Cross-lingual learning is an AI technique involving training a natural language processing model in one language and retraining it in another. It's been demonstrated that retrained models can outperform those trained from scratch in the second language, which is likely why researchers at Amazon's Alexa division are investing considerable time investigating them.

In a paper scheduled to be presented at this year's Conference on Empirical Methods in Natural Language Processing, two scientists at the Alexa AI natural understanding group -- Quynh Do and Judith Gaspers -- and colleagues propose a data selection technique that halves the amount of required training data. They claim that it surprisingly improves rather than compromises the model's overall performance in the target language.

"Sometimes the data in the source language is so abundant that using all of it to train a transfer model would be impractically time consuming," wrote Do and Gaspers in a blog post. "Moreover, linguistic differences between source and target languages mean that pruning the training data in the source language, so that its statistical patterns better match those of the target language, can actually improve the performance of the transferred model."

In the course of experiments, Do, Gaspers, and the team employed two methods to cut the source-language data set in half: the aforementioned data selection technique and random sampling. They pretrained separate models on the two halved data sets and on the full data set, after which they fine-tuned the models on a small data set in the target language.

Do and Gaspers note that all of the models were trained simultaneously to recognize intents (requested actions) and fill slots (variables on which the intent acts), and that they took as inputs multilingual embeddings (a word or sequences of words from different languages mapped to a single point in a multidimensional space) to bolster model accuracy. The team combined the multilingual embedding of each input word with a character-level embedding that encoded information about words' prefixes, suffixes, and roots, and they tapped language models trained on large text corpora to select the source language data that would be fed to the transfer model.

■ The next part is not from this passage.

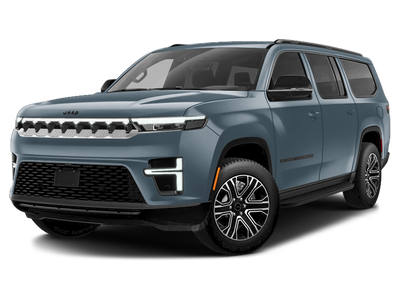 2026 Jeep Grand Wagoneer GRAND WAGONEER 4X2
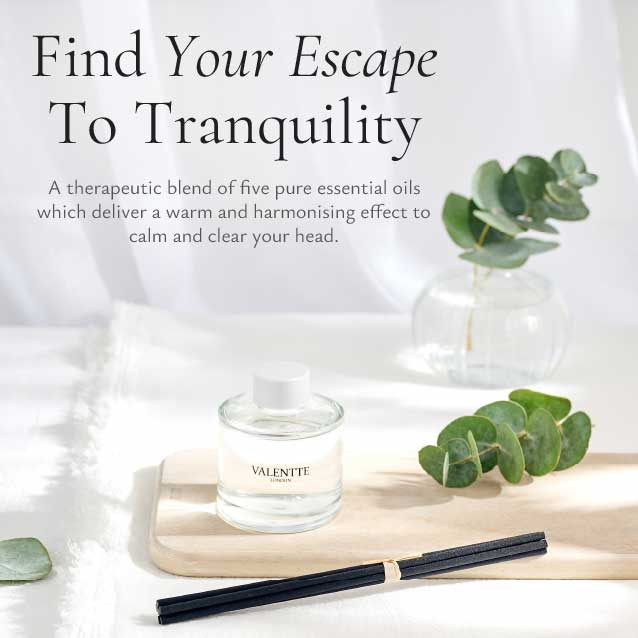 100ml Diffuser Refill - Patchouli & Eucalyptus - Image 4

Within the system the researchers engineered, a bilingual dictionary translated each utterance in the source data set into a string of words in the target language. Four language models were applied to the resulting strings, while a trigram model handled character embeddings. And for each utterance in the the sum of probabilities computed by the four language models, only those yielding the highest normalized score were selected.

To evaluate their approach, the team first transferred a model from English to German with different amounts of training data in the target language (10,000 and 20,000 utterances, respectively, versus millions of utterances in the full source-language data set). Then they trained the transfer model on three different languages -- English, German, and Spanish -- before transferring it to French (with 10,000 and 20,000 utterances in the target language). They claim that the transfer models outperformed a baseline model trained only on data in the target language, and that relative to the model trained on the target language alone, the model trained using the novel data selection technique showed improvements of 3% to 5% on the slot-filling task and about 1% to 2% on intent classification.